The API key is kept secret throughout the procedure by utilizing MPC. No entity holds the entire key, removing the possibility of a single point of failure or someone obtaining the key without authorization. For sending API keys to oracles, MPC offers an extra layer of security, reducing the dangers of key disclosure and unauthorized access. It allows for safe and private communication while upholding the necessary privacy and security of the API keys in a decentralized setting.

Further, we want to ensure that the API keys are not reconstructed without the consent of the API key owner. Therefore an access structure is constructed using MPC inside TEE such that without the consent of the owner of API keys malicious oracles cannot collaborate to reconstruct the keys.

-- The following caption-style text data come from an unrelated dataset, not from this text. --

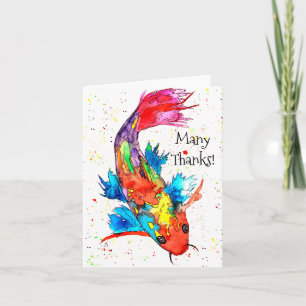 Cartão de Saudação de Peixe Koi Bonito e Colori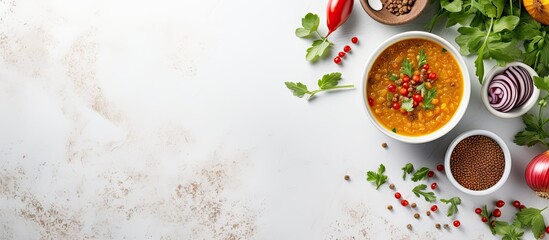 Aufkleber - Middle Eastern vegetable soup with red lentils on white background vegan comfort food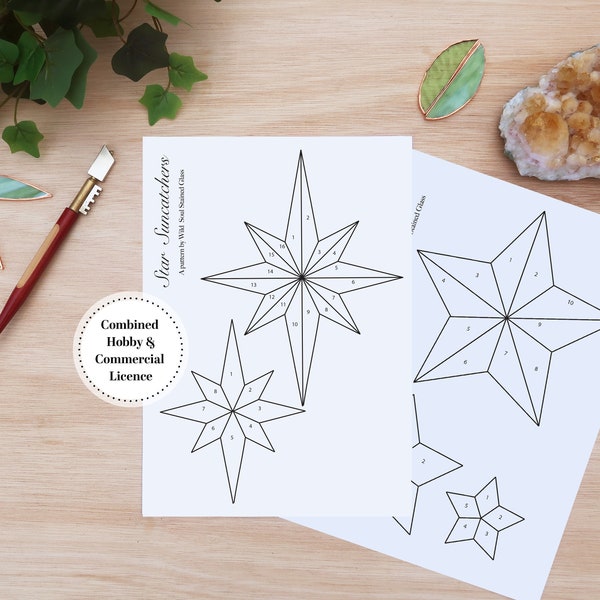 Christmas Stars Stained Glass Pattern, Stained Glass Patterns, Beginners Stained Glass , Christmas Star Topper Pattern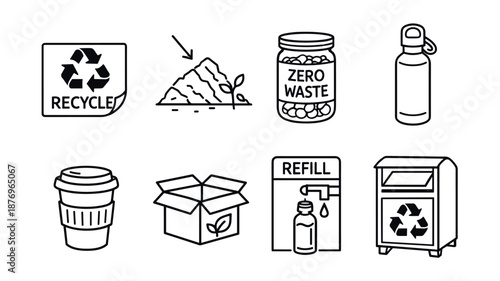 Sustainability and Waste Reduction Line Icons Set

2.3.2) Privacy through ZK Implementation

A zero-knowledge proof (ZKP) is a technique that allows a sender device (prover) to convince a receiver device (verifier) that a certain statement is true, without revealing any extra details or information about the statement itself.

A zk-SNARK (Zero-Knowledge Succinct Non-Interactive Argument of Knowledge) is a type of zk proof system that offers a concise and easily verifiable argument that the prover possesses a witness to a public statement while keeping the witness itself hidden.

The primary strength of zk-SNARKs is that they do not disclose any information about the secret data except for its validity. Additionally, zk-SNARKs offer two key advantages. Firstly, they have broad applicability, as there exist zk-SNARKs that can prove any relationship that can be represented by a finite-sized arithmetic circuit.

Secondly, zk-SNARKs have efficient verification, with proof size and verification time scaling sublinearly with the amount of secret data (usually in the order of kilobytes and tens of milliseconds), and anyone can perform the verification.

However, there are also two important limitations associated with zk-SNARKs.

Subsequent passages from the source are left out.